Goal of the exercise:
Each line below is to be copied exactly; images do not go into the copy.

Dataset entries:
>>>

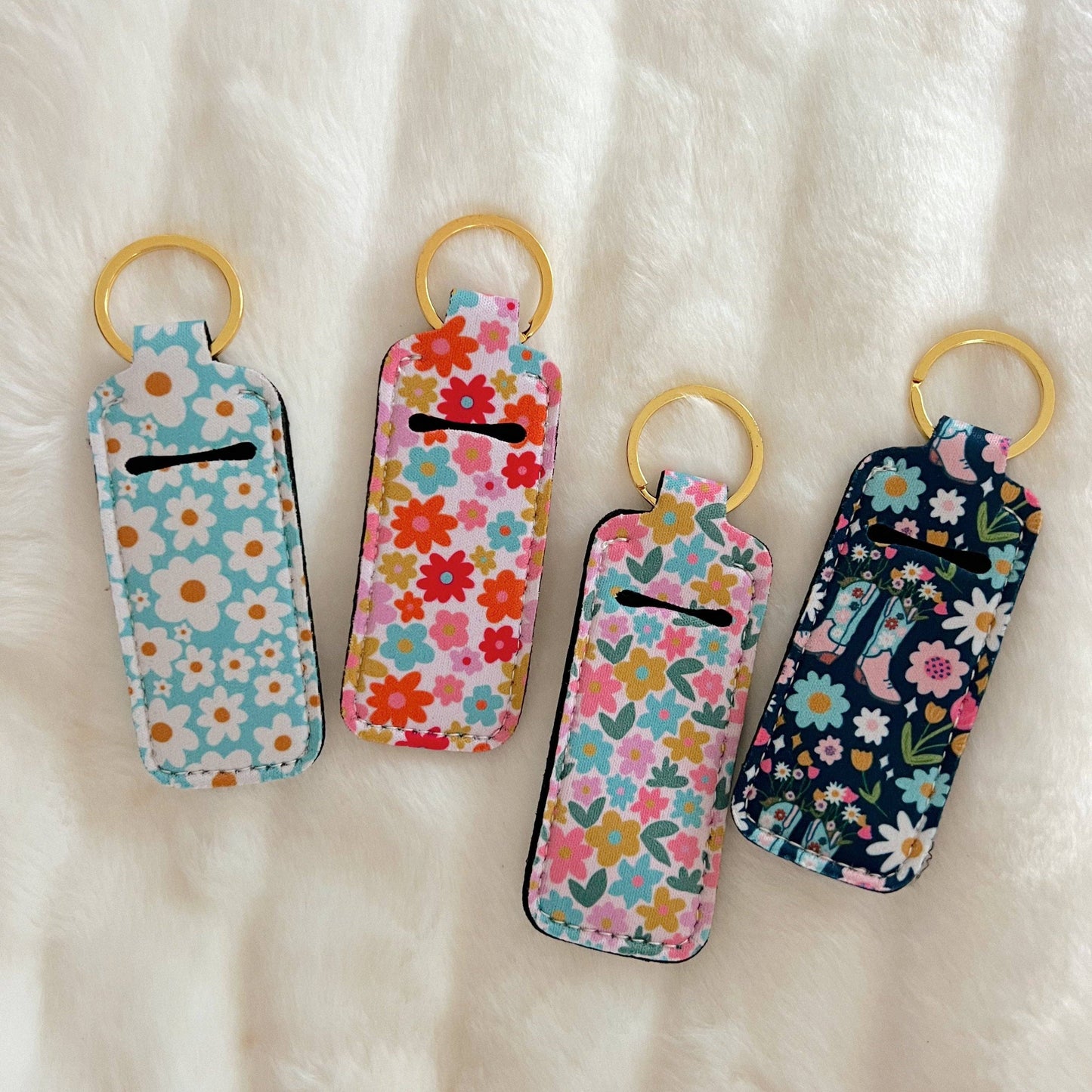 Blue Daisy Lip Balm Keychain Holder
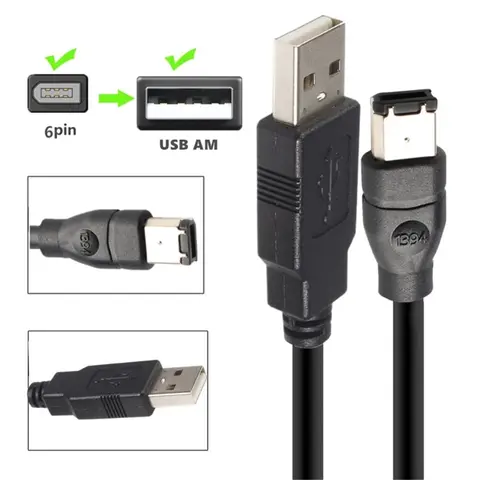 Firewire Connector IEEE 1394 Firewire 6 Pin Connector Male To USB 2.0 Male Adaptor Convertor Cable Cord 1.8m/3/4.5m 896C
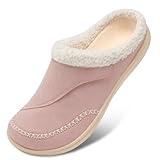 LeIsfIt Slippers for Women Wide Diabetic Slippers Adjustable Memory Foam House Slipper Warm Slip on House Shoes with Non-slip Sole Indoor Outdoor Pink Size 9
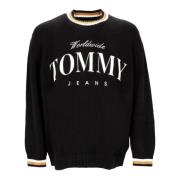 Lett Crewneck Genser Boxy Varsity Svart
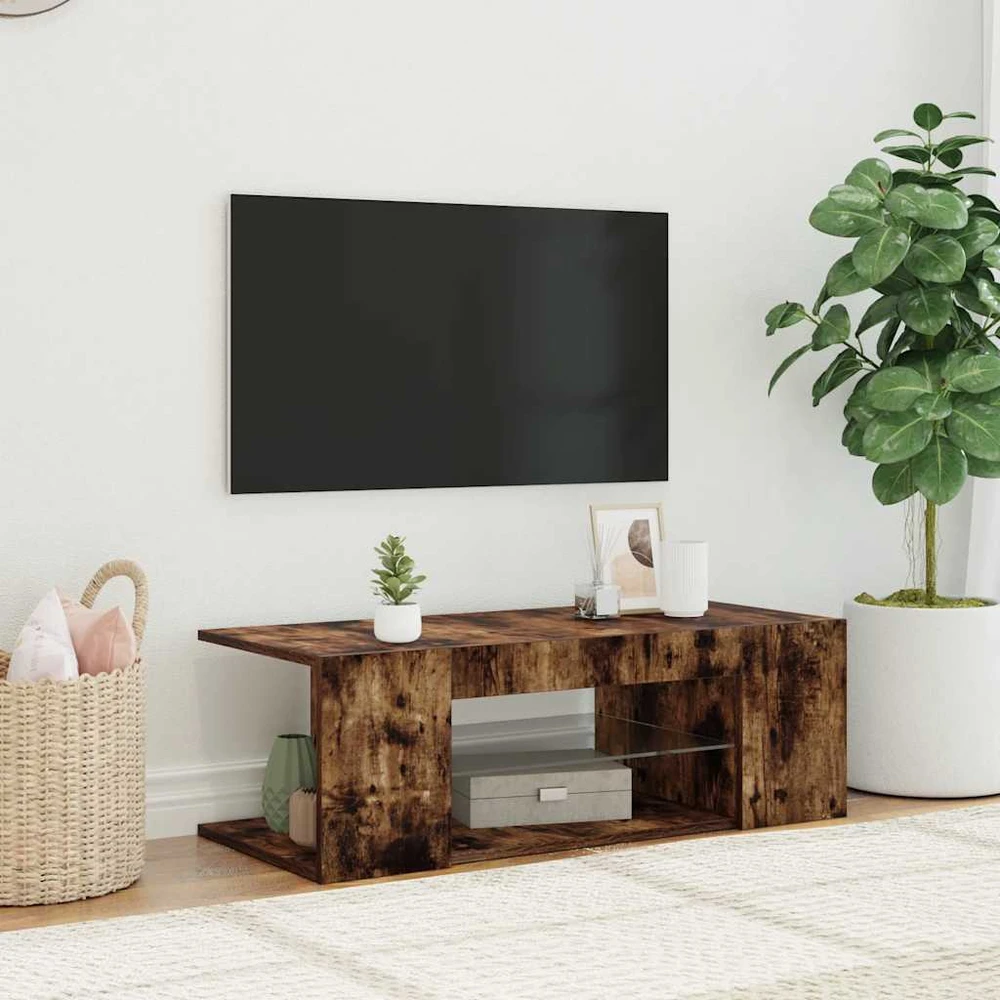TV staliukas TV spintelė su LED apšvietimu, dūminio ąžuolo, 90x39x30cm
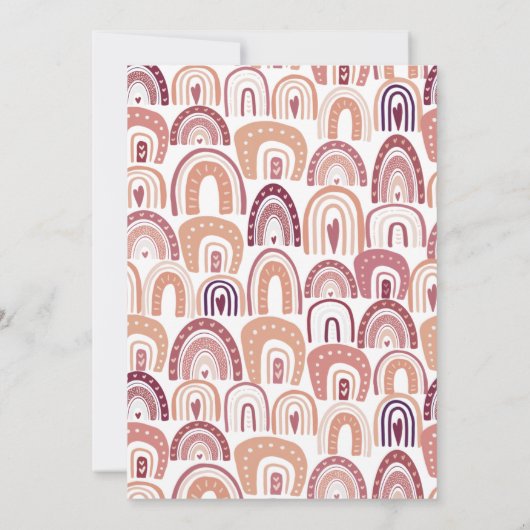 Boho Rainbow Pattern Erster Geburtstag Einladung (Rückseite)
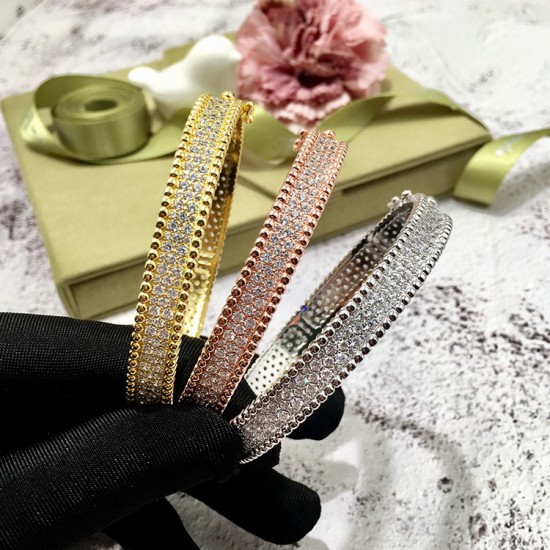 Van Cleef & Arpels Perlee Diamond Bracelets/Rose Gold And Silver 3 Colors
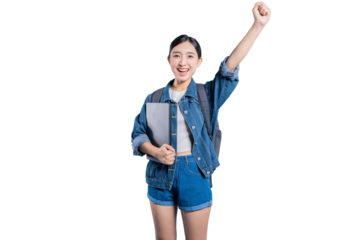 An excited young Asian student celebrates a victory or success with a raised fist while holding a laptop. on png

<<<

Task output:
 Blue Daisy Lip Balm Keychain Holder
 Firewire Connector IEEE 1394 Firewire 6 Pin Connector Male To USB 2.0 Male Adaptor Convertor Cable Cord 1.8m/3/4.5m 896C
 LeIsfIt Slippers for Women Wide Diabetic Slippers Adjustable Memory Foam House Slipper Warm Slip on House Shoes with Non-slip Sole Indoor Outdoor Pink Size 9
 Lett Crewneck Genser Boxy Varsity Svart
TV staliukas TV spintelė su LED apšvietimu, dūminio ąžuolo, 90x39x30cm
 Boho Rainbow Pattern Erster Geburtstag Einladung (Rückseite)
 Van Cleef & Arpels Perlee Diamond Bracelets/Rose Gold And Silver 3 Colors
 An excited young Asian student celebrates a victory or success with a raised fist while holding a laptop. on png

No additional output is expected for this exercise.